Advice features heavily in ASIC corporate plan
Addressing poor financial advice outcomes has been cited as one of ASIC’s major priorities in its five-year corporate plan.
ASIC said in its Corporate Plan 2019-23 that it will support measures to improve the professionalism of financial advisers and target the potential misconduct and harms to consumers that may arise from the industry’s shift towards ‘general advice’ models.
It also said it is closely monitoring the potential harms that may result from larger institutions’ departure from the sector.

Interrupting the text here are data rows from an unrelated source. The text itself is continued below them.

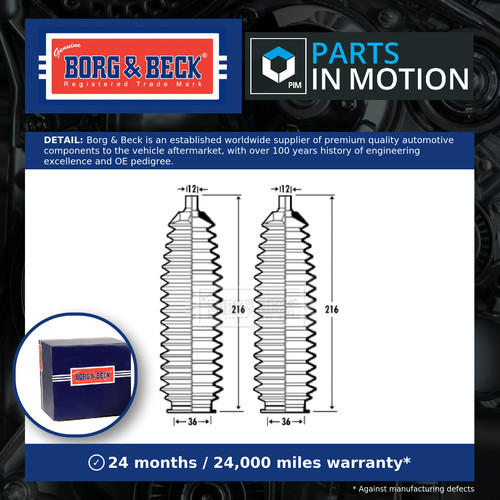 Steering rack boot - rack, bsg3350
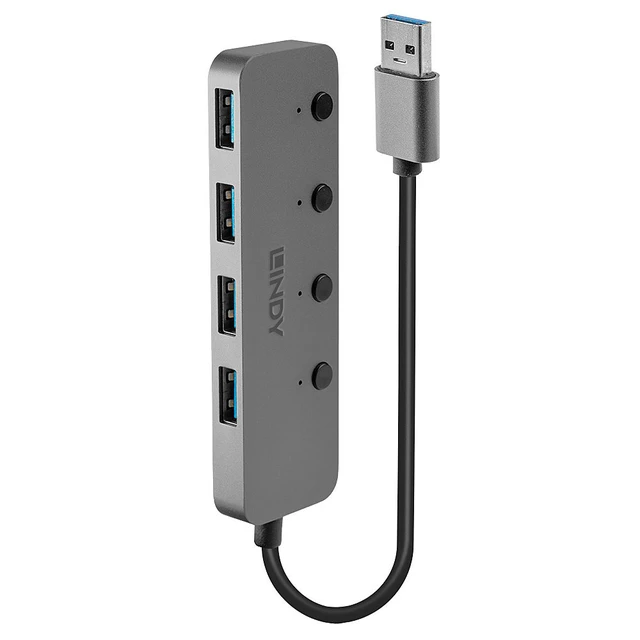Alt view image 5 of 8 - Lindy 4 Port USB 3.0 Hub with On/Off Switches 43309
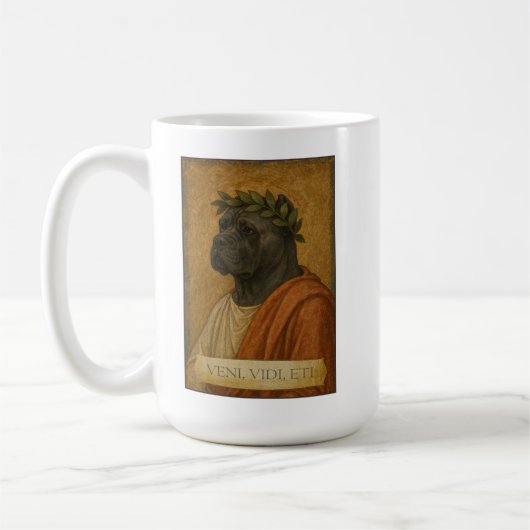 Stolzer Cane Corso "Veni, Vidi, Eti" Kaffeetasse (Links)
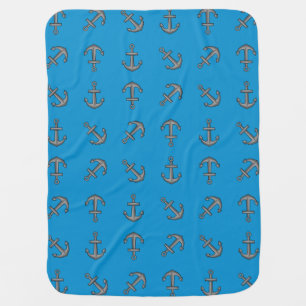 Cartoon Boat Anchor Set Baby Blanket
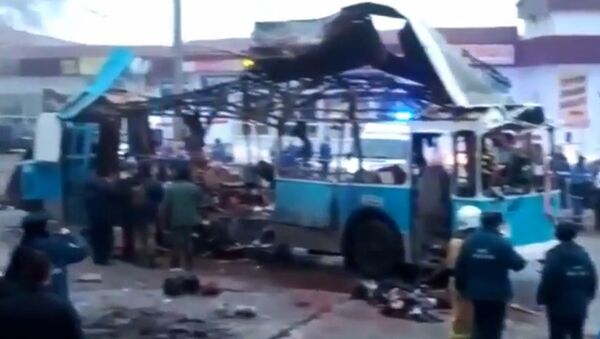 Теракт в троллейбусе в Волгограде. Кадры с места ЧП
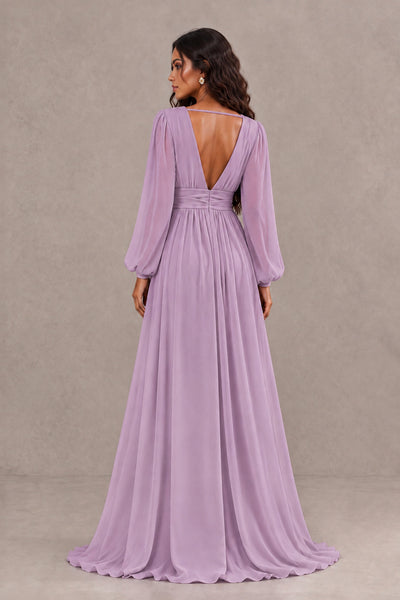 BOLODOO Dusty Purple Long Sleeve V-Neck A-Line Gown with Open Back & Slit - Dusty Purple - Dusty Purple_2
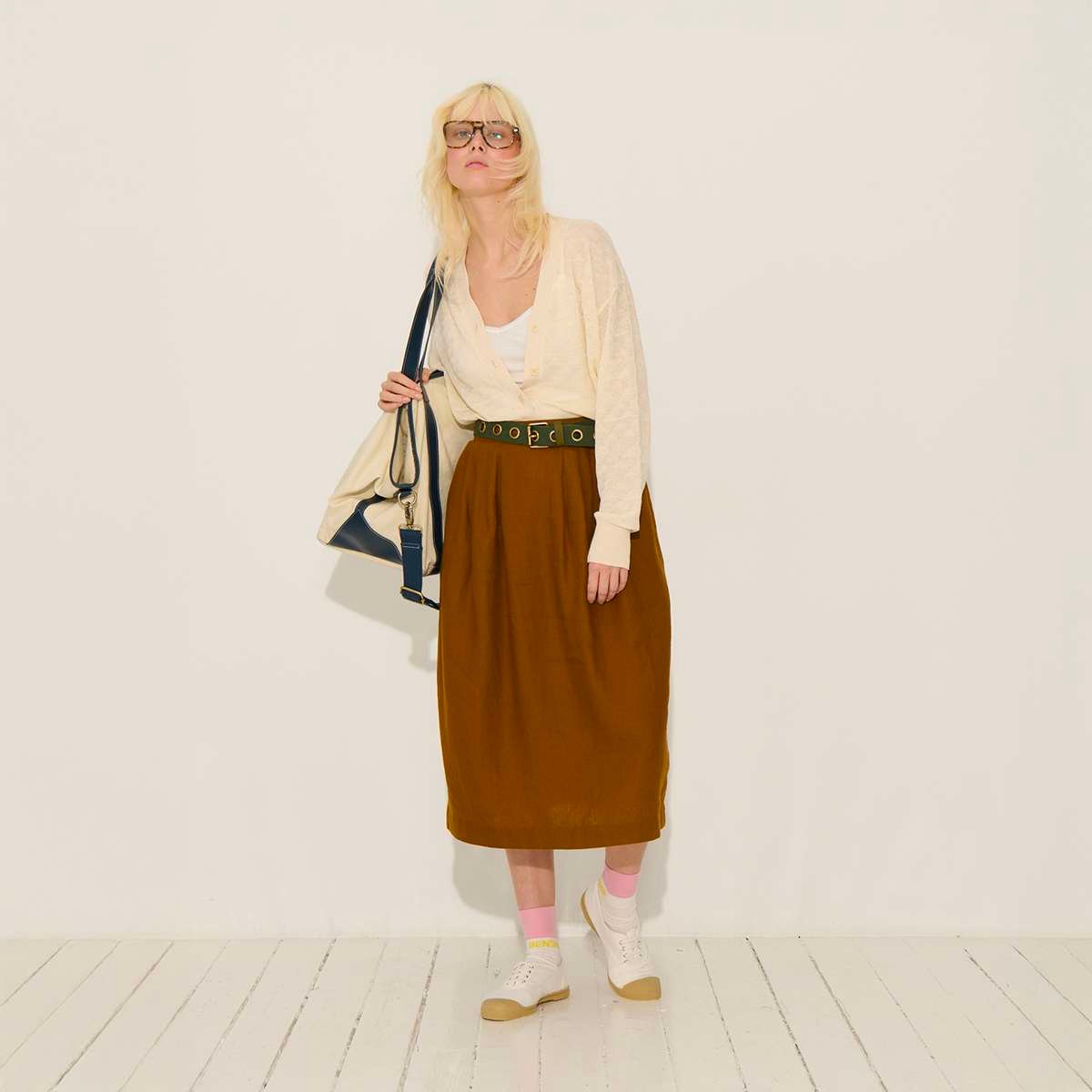 Jupe midi en lin POPPY caramel, BENSIMON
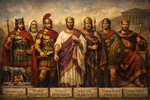 Romulus, Numa Pompilius, Tullus Hostilius, Ancus Marcius, Tarquinius Priscus, Servius Tullius, and Tarquinius Superbus are the seven Kings of Rome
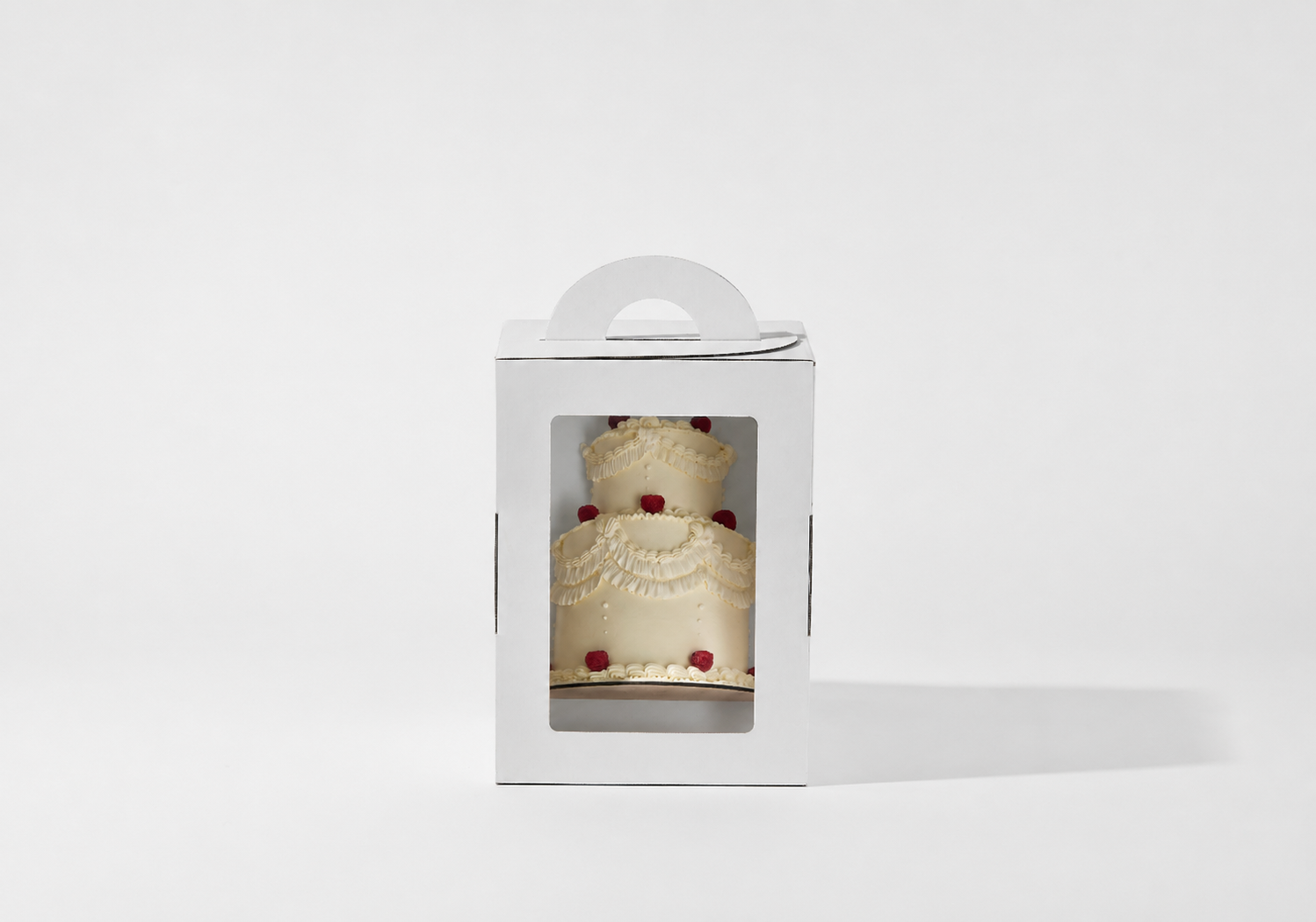 Minimalist tall cake box with handle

Changing adviser behaviours
New projects cited by ASIC covering 2019-20 relating to changing the behaviours of financial advisers included:
- Ending grandfathered commissions;
- Examining the effectiveness of measures to improve quality of advice;
- Protecting consumers of general advice;
- Examining unmet advice needs; and
- Review of training of financial product advisers.

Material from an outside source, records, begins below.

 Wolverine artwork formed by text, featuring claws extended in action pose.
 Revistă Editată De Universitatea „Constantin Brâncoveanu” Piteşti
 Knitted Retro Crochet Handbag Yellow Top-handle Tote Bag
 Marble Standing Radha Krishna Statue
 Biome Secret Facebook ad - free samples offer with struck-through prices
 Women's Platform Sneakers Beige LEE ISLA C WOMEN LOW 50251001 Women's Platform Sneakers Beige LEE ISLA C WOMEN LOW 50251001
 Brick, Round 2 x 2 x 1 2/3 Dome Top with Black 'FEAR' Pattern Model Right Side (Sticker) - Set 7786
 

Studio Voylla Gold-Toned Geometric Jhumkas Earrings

ASIC also mentioned ongoing projects that cover 2019-20, including:
- The review of life risk insurance commissions;
- Approving and monitoring compliance scheme approvals;
- Enhancing the Financial Advisers Register;
- Analysing reward/incentive practices on advisers; and
- Developing a series of SMSF ‘red flags’.

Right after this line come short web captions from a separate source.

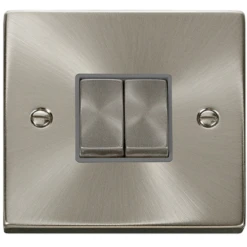 Click Deco Satin Chrome 2G Light Switch VPSC412GY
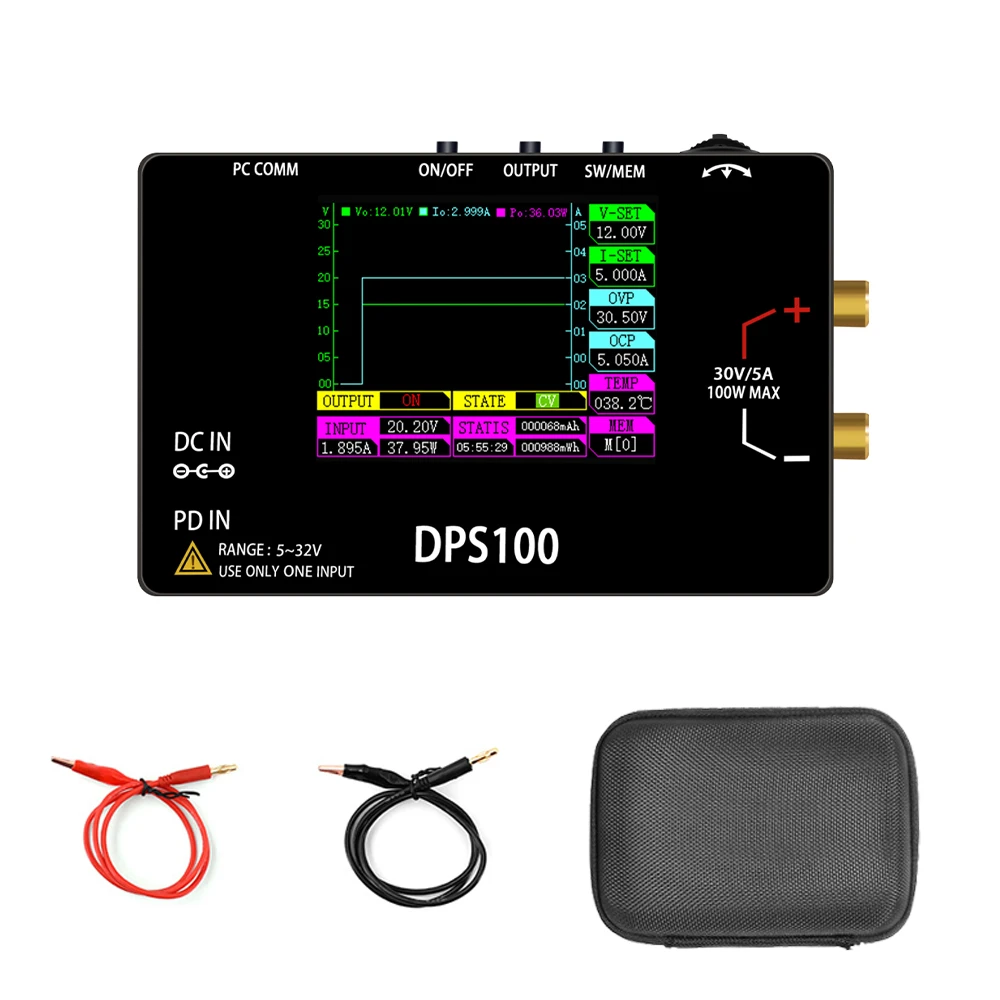 DPS100 Pocket Laboratorium DC Voeding 30V 5A 100W Instelbare Spanning Regulator Bank Switching PD QC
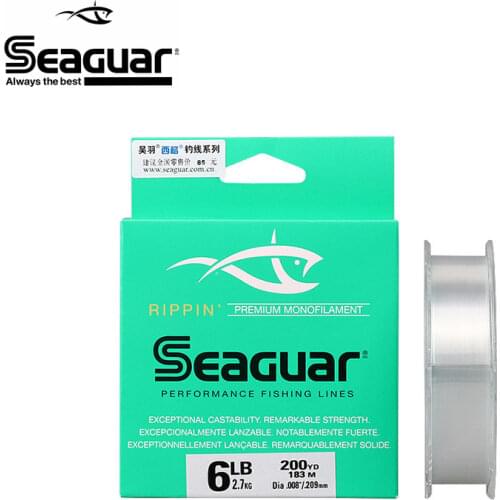 Original Seaguar Rippin 183M/200YDS 6LB-12LB Test Premium Monofilament Fluorocarbon Coating Carp Fishing Line Made In Japan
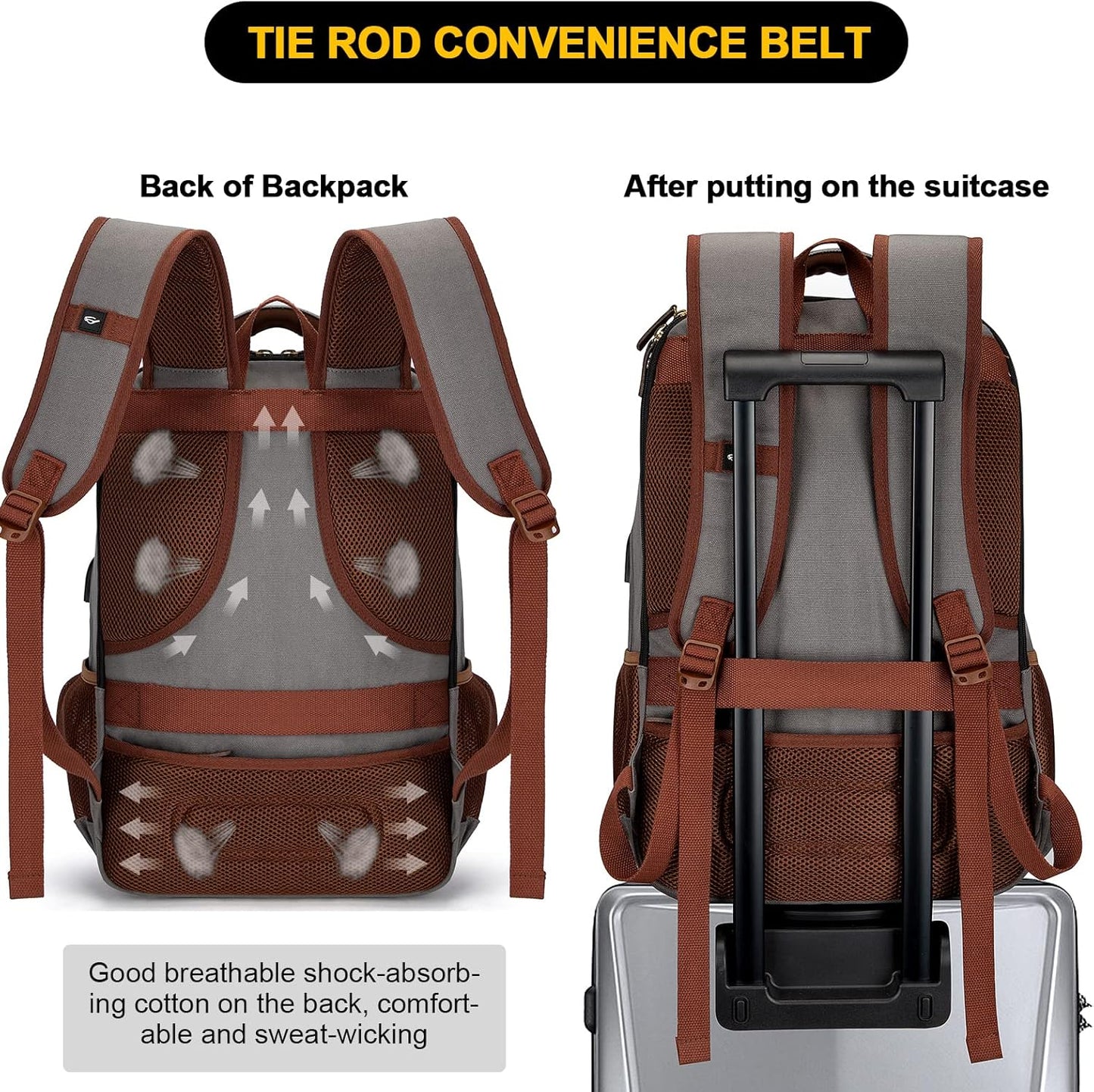 Tzowla Canvas Laptop Backpack Men,Bag for Women,School Travel College Work Rucksack Fits 15.6 Inch Laptop,Bookbag with USB Charging Port,Dark Grey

Acting against adviser misconduct
Continuing projects from ASIC addressing adviser misconduct included:
- Banning advisers who have been identified as having serious compliance concerns;
- Surveillance of fee disclosure statements and opt-in requirements;
- Monitoring fee-for-no-service remediation; and
- Monitoring review and remediation programs for customers of large financial institutions who received inappropriate advice.
“The public expects financial firms to treat Australians fairly and live up to the expectations of the community and the law,” said ASIC chair James Shipton.
“The public expects ASIC to see that they do. If the firms or individuals we regulate do not, we have the will, the resources and the regulatory tools to hold them to account.”